César est vite innocenté, mais les rumeurs sont tenaces dans les villages bretons. Alors, il fuit, laissant derrière lui sa mère et Jeanne, celle qui l'aime et qui attend son enfant.

Des années d'errance et d'absences que chaque personnage va vivre à sa façon.
Marie-Hélène Westphalen alterne les points de vue : il y a Jeanne qui reste et attend le retour de celui qu'elle aime; César qui ira jusqu'en Inde et dans la Mer du Bering, comme si les kilomètres pouvaient favoriser l'oubli; Elma, leur fille, qui prendra un jour conscience qu'elle n'est pas vraiment celle qu'elle croyait être.

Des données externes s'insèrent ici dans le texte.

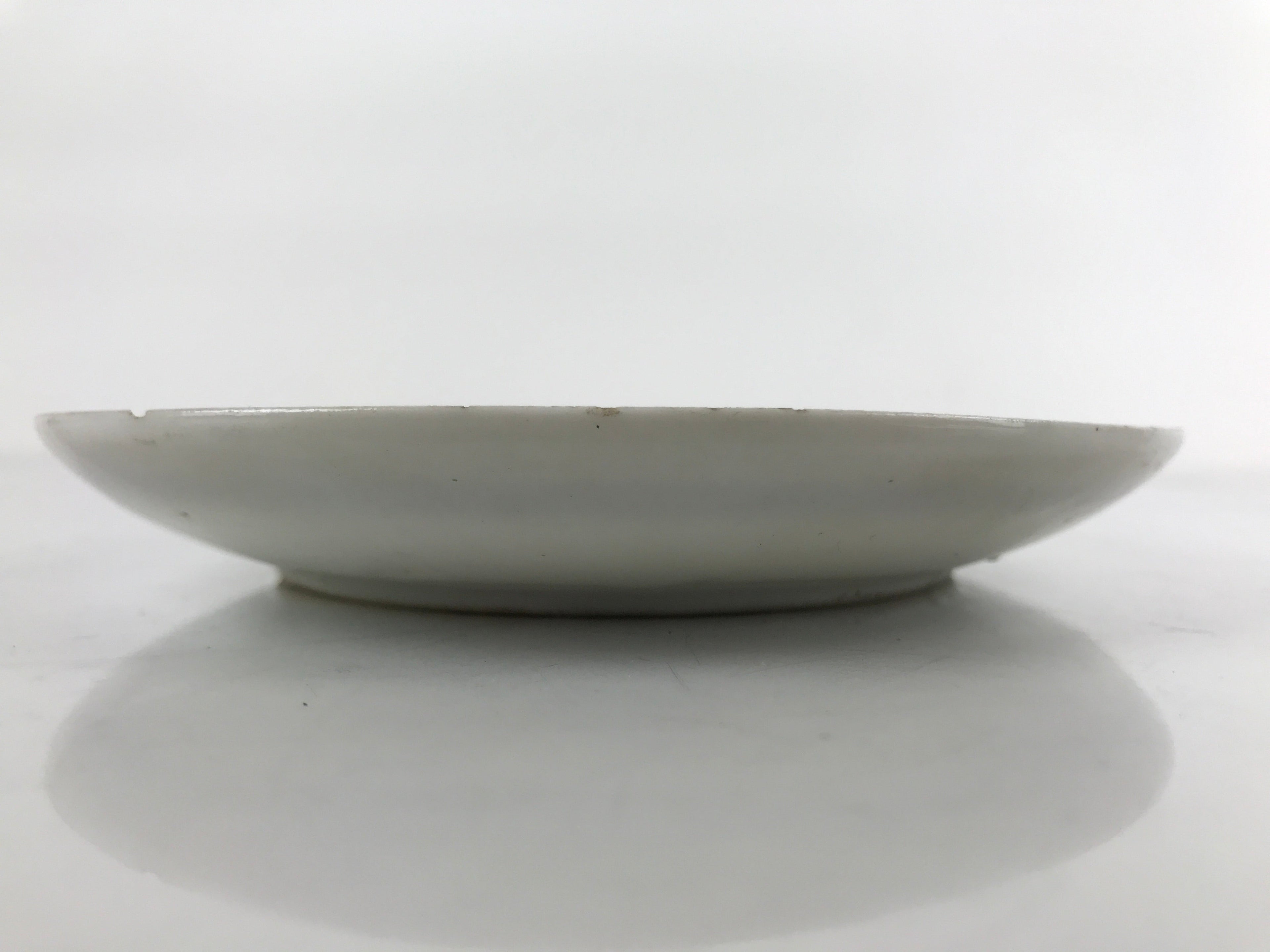 Japanese Porcelain Small Plate Kozara Vtg Plum Blossom Sun Black White PY713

Dans un style très simple et épuré, Marie-Hélène Westphalen, effeuille les non-dits et ces silences qui prennent tant d'espace. La narration, volontairement lente, laisse les émotions s'enfler et envahir les lignes. Mais l'auteur a la délicatesse de ne jamais tomber dans le pathos. Grâce à cette économie des mots, elle reste dans la pudeur et la discrétion indispensables à ce type de récit.
En lisant cette histoire, j'avais en tête les mots de Brel, qui s'accordent parfaitement à ce récit: "Il y a eux sortes de temps, y a le temps qui espère et le temps qui attend. Il y a deux sortes de gens: il y a les vivants, et ceux qui sont en mer".

Extrait :

9 septembre 1970, un an déjà...
Ces mots pour toi, pour moi, pour ne pas tomber.

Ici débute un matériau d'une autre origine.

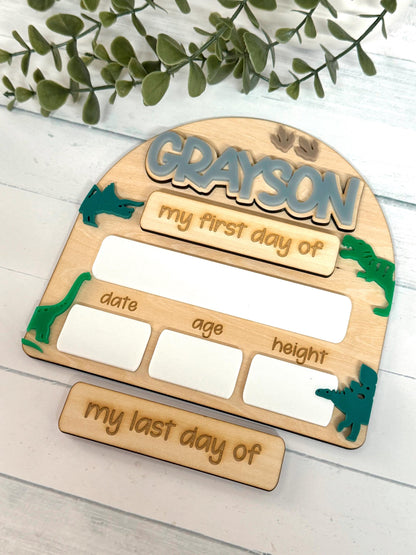 Dinosaur Back to School - Medium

C'est le brouillard ce soir, un brouillard épais, tu es à un bout du labyrinthe, moi à l'autre, on ne sait pas comment se rejoindre, on ne se voit pas. On est trop éloignés pour s'entendre, je te cherche malgré tout. J'écris moins pour dire que pour voir, pour discerner au loin ta longue silhouette.

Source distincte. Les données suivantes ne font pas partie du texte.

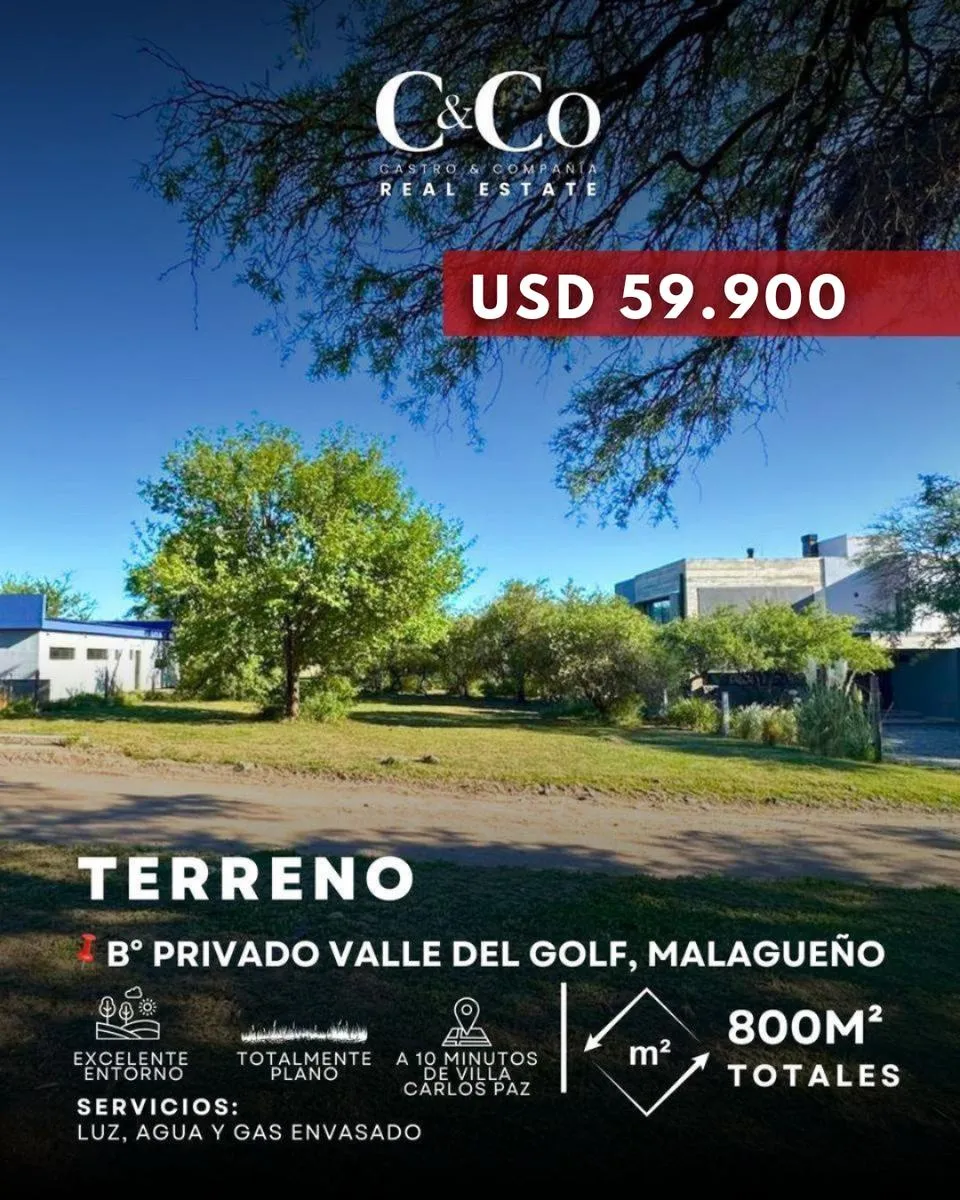 Terreno en Valle del Golf, Malagueño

Ici c'est le néant. J'écris pour ne pas parler au plafond, pour ne pas claquer les portes ni râper les murs, j'écris pour me rapprocher, tendre le bras et te sentir encore. Toi le géant tu te pencheras légèrement, tu ouvriras tes bras, moi je me hausserai sur la pointe des pieds, je m'abandonnerai, je te livrerai ma nuque, mes seins, ma fatigue.
Dans la solitude de la nuit, j'aimerai que tu sois là.
Non, je ne serais pas exigeante, je te le promets, je ne te poserais aucune question, je me coucherais juste près de toi, tout me serait cadeau. Je me loverais entre tes jambes, j'écouterais ta respiration, je m'approcherais si tu m'appelais, sinon je te regarderais dormir, ou fumer, ou rêver. Nous parlerions ou nous nous tairions, tout serait égal dès l'instant que tu serais là.
Quand sonnera l'heure, je serai la main qui donne, la main qui prend, toi tu tendras les bras et nos jambes s'enlaceront. Nous réinventerons les gestes d'autrefois, nous en trouverons d'autres. Sur mes lèvres tu guetteras ce parfum d'amande amère, j'aurai peut-être la tentation de baisser les yeux. Regarde-moi, diras-tu alors, ne quitte pas mes yeux. Ensemble nous embarquerons dans le tumulte et les cris, nous chavirerons, puis nous dormirons apaisés, lune et soleil. Tranquilles. Plus tard nous recommencerons, nous volerons le temps.[...]
Au lieu de cela, la nuit je marmonne en silence et j'écris. Le matin dans la vitre je vois mes jambes qui vacillent : comment vivre d'absence?